Available records:
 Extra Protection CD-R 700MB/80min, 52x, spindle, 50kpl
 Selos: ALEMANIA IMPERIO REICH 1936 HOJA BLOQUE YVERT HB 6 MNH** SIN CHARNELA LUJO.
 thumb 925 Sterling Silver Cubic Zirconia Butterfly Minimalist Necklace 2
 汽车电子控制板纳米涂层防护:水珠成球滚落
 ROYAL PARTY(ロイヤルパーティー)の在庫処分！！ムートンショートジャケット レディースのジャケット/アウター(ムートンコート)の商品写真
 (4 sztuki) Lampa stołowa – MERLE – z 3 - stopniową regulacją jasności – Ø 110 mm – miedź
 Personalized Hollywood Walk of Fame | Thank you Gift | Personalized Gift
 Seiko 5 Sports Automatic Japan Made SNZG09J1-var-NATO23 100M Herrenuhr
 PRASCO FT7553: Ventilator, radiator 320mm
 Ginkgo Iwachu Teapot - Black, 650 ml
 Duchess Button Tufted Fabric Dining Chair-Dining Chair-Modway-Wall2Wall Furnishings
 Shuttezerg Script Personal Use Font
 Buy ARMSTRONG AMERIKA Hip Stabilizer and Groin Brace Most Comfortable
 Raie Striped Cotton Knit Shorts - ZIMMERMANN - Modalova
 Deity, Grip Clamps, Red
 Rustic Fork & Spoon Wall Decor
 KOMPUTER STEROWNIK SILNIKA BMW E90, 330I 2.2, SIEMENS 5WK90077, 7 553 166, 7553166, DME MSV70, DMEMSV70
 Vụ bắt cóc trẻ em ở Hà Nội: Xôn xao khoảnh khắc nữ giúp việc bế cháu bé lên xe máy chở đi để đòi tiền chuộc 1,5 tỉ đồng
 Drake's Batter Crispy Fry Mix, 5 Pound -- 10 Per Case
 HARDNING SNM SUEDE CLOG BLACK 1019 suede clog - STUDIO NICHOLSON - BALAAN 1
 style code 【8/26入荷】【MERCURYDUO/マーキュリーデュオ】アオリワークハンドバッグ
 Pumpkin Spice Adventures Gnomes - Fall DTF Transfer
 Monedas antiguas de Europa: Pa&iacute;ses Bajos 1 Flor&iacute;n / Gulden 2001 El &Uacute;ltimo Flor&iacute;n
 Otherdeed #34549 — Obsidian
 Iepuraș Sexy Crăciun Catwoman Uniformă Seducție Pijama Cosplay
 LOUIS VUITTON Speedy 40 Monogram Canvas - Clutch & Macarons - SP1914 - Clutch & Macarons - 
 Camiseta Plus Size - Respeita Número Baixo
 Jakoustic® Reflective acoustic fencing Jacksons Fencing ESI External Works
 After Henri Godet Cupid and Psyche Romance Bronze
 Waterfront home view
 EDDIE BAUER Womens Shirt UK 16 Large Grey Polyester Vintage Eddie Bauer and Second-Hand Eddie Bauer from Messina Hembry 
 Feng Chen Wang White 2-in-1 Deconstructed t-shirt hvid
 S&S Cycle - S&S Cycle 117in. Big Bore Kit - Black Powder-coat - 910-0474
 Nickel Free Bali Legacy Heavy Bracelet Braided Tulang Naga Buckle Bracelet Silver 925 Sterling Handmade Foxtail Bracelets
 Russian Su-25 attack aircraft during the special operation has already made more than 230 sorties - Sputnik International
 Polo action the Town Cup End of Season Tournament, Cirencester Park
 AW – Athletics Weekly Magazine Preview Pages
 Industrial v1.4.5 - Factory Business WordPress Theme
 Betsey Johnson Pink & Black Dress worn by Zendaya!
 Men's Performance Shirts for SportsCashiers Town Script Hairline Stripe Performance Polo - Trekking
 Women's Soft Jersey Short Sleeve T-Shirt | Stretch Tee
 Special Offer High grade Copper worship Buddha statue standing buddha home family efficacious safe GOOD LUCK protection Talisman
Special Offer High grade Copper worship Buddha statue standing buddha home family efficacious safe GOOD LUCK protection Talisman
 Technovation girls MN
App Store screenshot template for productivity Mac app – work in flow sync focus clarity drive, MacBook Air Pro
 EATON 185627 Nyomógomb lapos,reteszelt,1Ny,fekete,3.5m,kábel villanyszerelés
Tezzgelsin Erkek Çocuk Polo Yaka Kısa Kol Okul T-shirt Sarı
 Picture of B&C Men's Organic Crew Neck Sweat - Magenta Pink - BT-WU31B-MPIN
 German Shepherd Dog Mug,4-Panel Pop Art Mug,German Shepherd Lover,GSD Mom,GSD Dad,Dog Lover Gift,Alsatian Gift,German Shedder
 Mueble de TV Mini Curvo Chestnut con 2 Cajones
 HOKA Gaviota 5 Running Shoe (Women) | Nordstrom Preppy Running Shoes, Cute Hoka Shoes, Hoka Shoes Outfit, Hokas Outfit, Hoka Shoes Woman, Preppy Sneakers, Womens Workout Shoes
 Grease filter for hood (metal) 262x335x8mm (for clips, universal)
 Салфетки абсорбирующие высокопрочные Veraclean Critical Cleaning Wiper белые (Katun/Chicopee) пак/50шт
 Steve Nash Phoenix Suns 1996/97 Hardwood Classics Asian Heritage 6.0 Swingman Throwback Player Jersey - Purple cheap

Task item:
Go through the listing above and set down each line exactly as it stands.

Answer:
 Extra Protection CD-R 700MB/80min, 52x, spindle, 50kpl
 Selos: ALEMANIA IMPERIO REICH 1936 HOJA BLOQUE YVERT HB 6 MNH** SIN CHARNELA LUJO.
 thumb 925 Sterling Silver Cubic Zirconia Butterfly Minimalist Necklace 2
 汽车电子控制板纳米涂层防护:水珠成球滚落
 ROYAL PARTY(ロイヤルパーティー)の在庫処分！！ムートンショートジャケット レディースのジャケット/アウター(ムートンコート)の商品写真
 (4 sztuki) Lampa stołowa – MERLE – z 3 - stopniową regulacją jasności – Ø 110 mm – miedź
 Personalized Hollywood Walk of Fame | Thank you Gift | Personalized Gift
 Seiko 5 Sports Automatic Japan Made SNZG09J1-var-NATO23 100M Herrenuhr
 PRASCO FT7553: Ventilator, radiator 320mm
 Ginkgo Iwachu Teapot - Black, 650 ml
 Duchess Button Tufted Fabric Dining Chair-Dining Chair-Modway-Wall2Wall Furnishings
 Shuttezerg Script Personal Use Font
 Buy ARMSTRONG AMERIKA Hip Stabilizer and Groin Brace Most Comfortable
 Raie Striped Cotton Knit Shorts - ZIMMERMANN - Modalova
 Deity, Grip Clamps, Red
 Rustic Fork & Spoon Wall Decor
 KOMPUTER STEROWNIK SILNIKA BMW E90, 330I 2.2, SIEMENS 5WK90077, 7 553 166, 7553166, DME MSV70, DMEMSV70
 Vụ bắt cóc trẻ em ở Hà Nội: Xôn xao khoảnh khắc nữ giúp việc bế cháu bé lên xe máy chở đi để đòi tiền chuộc 1,5 tỉ đồng
 Drake's Batter Crispy Fry Mix, 5 Pound -- 10 Per Case
 HARDNING SNM SUEDE CLOG BLACK 1019 suede clog - STUDIO NICHOLSON - BALAAN 1
 style code 【8/26入荷】【MERCURYDUO/マーキュリーデュオ】アオリワークハンドバッグ
 Pumpkin Spice Adventures Gnomes - Fall DTF Transfer
 Monedas antiguas de Europa: Pa&iacute;ses Bajos 1 Flor&iacute;n / Gulden 2001 El &Uacute;ltimo Flor&iacute;n
 Otherdeed #34549 — Obsidian
 Iepuraș Sexy Crăciun Catwoman Uniformă Seducție Pijama Cosplay
 LOUIS VUITTON Speedy 40 Monogram Canvas - Clutch & Macarons - SP1914 - Clutch & Macarons - 
 Camiseta Plus Size - Respeita Número Baixo
 Jakoustic® Reflective acoustic fencing Jacksons Fencing ESI External Works
 After Henri Godet Cupid and Psyche Romance Bronze
 Waterfront home view
 EDDIE BAUER Womens Shirt UK 16 Large Grey Polyester Vintage Eddie Bauer and Second-Hand Eddie Bauer from Messina Hembry 
 Feng Chen Wang White 2-in-1 Deconstructed t-shirt hvid
 S&S Cycle - S&S Cycle 117in. Big Bore Kit - Black Powder-coat - 910-0474
 Nickel Free Bali Legacy Heavy Bracelet Braided Tulang Naga Buckle Bracelet Silver 925 Sterling Handmade Foxtail Bracelets
 Russian Su-25 attack aircraft during the special operation has already made more than 230 sorties - Sputnik International
 Polo action the Town Cup End of Season Tournament, Cirencester Park
 AW – Athletics Weekly Magazine Preview Pages
 Industrial v1.4.5 - Factory Business WordPress Theme
 Betsey Johnson Pink & Black Dress worn by Zendaya!
 Men's Performance Shirts for SportsCashiers Town Script Hairline Stripe Performance Polo - Trekking
 Women's Soft Jersey Short Sleeve T-Shirt | Stretch Tee
 Special Offer High grade Copper worship Buddha statue standing buddha home family efficacious safe GOOD LUCK protection Talisman
Special Offer High grade Copper worship Buddha statue standing buddha home family efficacious safe GOOD LUCK protection Talisman
 Technovation girls MN
App Store screenshot template for productivity Mac app – work in flow sync focus clarity drive, MacBook Air Pro
 EATON 185627 Nyomógomb lapos,reteszelt,1Ny,fekete,3.5m,kábel villanyszerelés
Tezzgelsin Erkek Çocuk Polo Yaka Kısa Kol Okul T-shirt Sarı
 Picture of B&C Men's Organic Crew Neck Sweat - Magenta Pink - BT-WU31B-MPIN
 German Shepherd Dog Mug,4-Panel Pop Art Mug,German Shepherd Lover,GSD Mom,GSD Dad,Dog Lover Gift,Alsatian Gift,German Shedder
 Mueble de TV Mini Curvo Chestnut con 2 Cajones
 HOKA Gaviota 5 Running Shoe (Women) | Nordstrom Preppy Running Shoes, Cute Hoka Shoes, Hoka Shoes Outfit, Hokas Outfit, Hoka Shoes Woman, Preppy Sneakers, Womens Workout Shoes
 Grease filter for hood (metal) 262x335x8mm (for clips, universal)
 Салфетки абсорбирующие высокопрочные Veraclean Critical Cleaning Wiper белые (Katun/Chicopee) пак/50шт
 Steve Nash Phoenix Suns 1996/97 Hardwood Classics Asian Heritage 6.0 Swingman Throwback Player Jersey - Purple cheap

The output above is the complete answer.